Quantitatively, you can see the before, during (rear soffit only) and after (2 soffit) results below. All are from centre seat. FR doesn't show much difference (some flattening in the 100-300 Hz range). Waterfalls and RT60 show improved decay, from 70 hz up.

Discussion
Huge difference to RT60 measurements, and some visible difference to decay in the waterfalls. It seems that most impact was limited to 100 Hz+, which is a little disappointing given the depth of these traps. But that said, the audible difference in the room is stellar, and for the $300 or so I has cost me, is the best audio upgrade I've made. Visually, I'm happy with how things look, with judgemnet reserved until I've actually covered the traps with acoustically transparent frames.

Help!
I can't help wondering if I would have had more success with a lighter insulation material given the trap thickness (16-18" deep traps, currently using Roxul Safe N Sound at 40 kg/m^3). If you have any informed opinions, shoot away.
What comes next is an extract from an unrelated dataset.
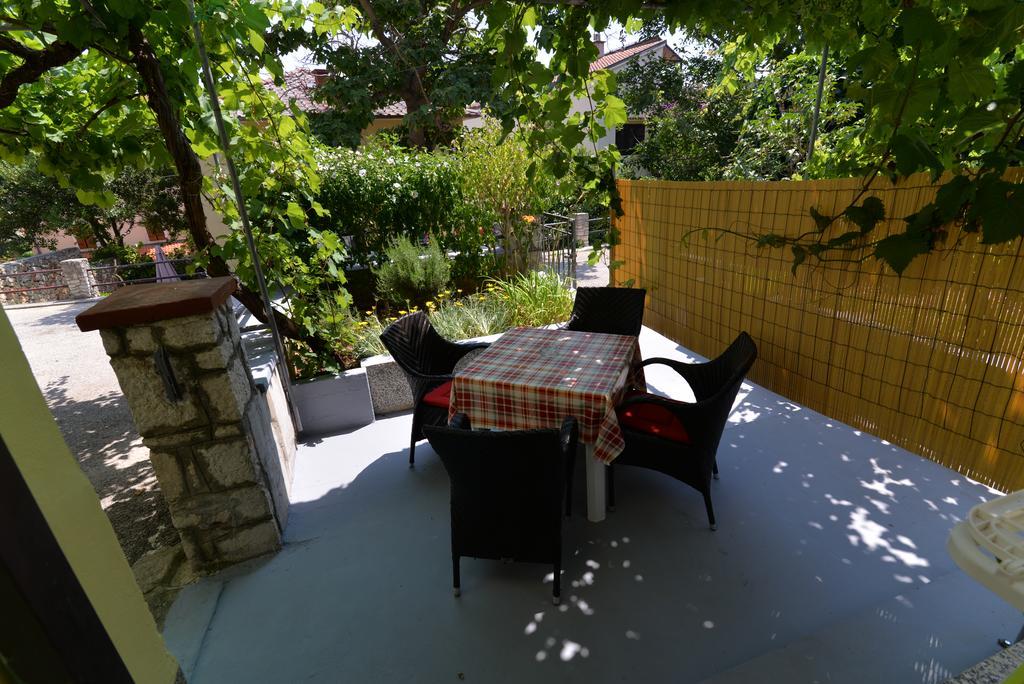 Apartment Nevena Mali Lošinj Eksteriør billede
I'd love to do something about my 38 Hz and 80 Hz nulls, since these will not be EQable. They are strongest in the center seat, but still ~13 dB in the left and right seats. Would a tuned helmholtz resonator help here (nulls still confuse me at times), or am I stuck with moving the subs?

Next Steps
(1) Add the front left and right columns (16x16" insulation). Re-measure.
(2) Play with sub-woofer locations. I'd really prefer to keep them in the corners for asthetics, but if I find a much better spot, may change my mind.
(3) Place thicker traps behind front sound stage, and 2-4" absorbers for FRZ off front speakers. Reevaluate. Likely going with GIK for these.
(4) If I've killed mids and highs too much, add a plastic membrane to the soffits/pillars or pick a less acoustically transparent fabric.
(5) Deal with back wall treatment as final step once I've seen where I stand. Lots of options there -- absorption, diffusion, have some fun with a DYI VPR, tuned absorbers,

PS I've attached my REW files for the No Soffit, 1 Soffit, and 2 Soffit test. If interested in any of the other cases, let me know.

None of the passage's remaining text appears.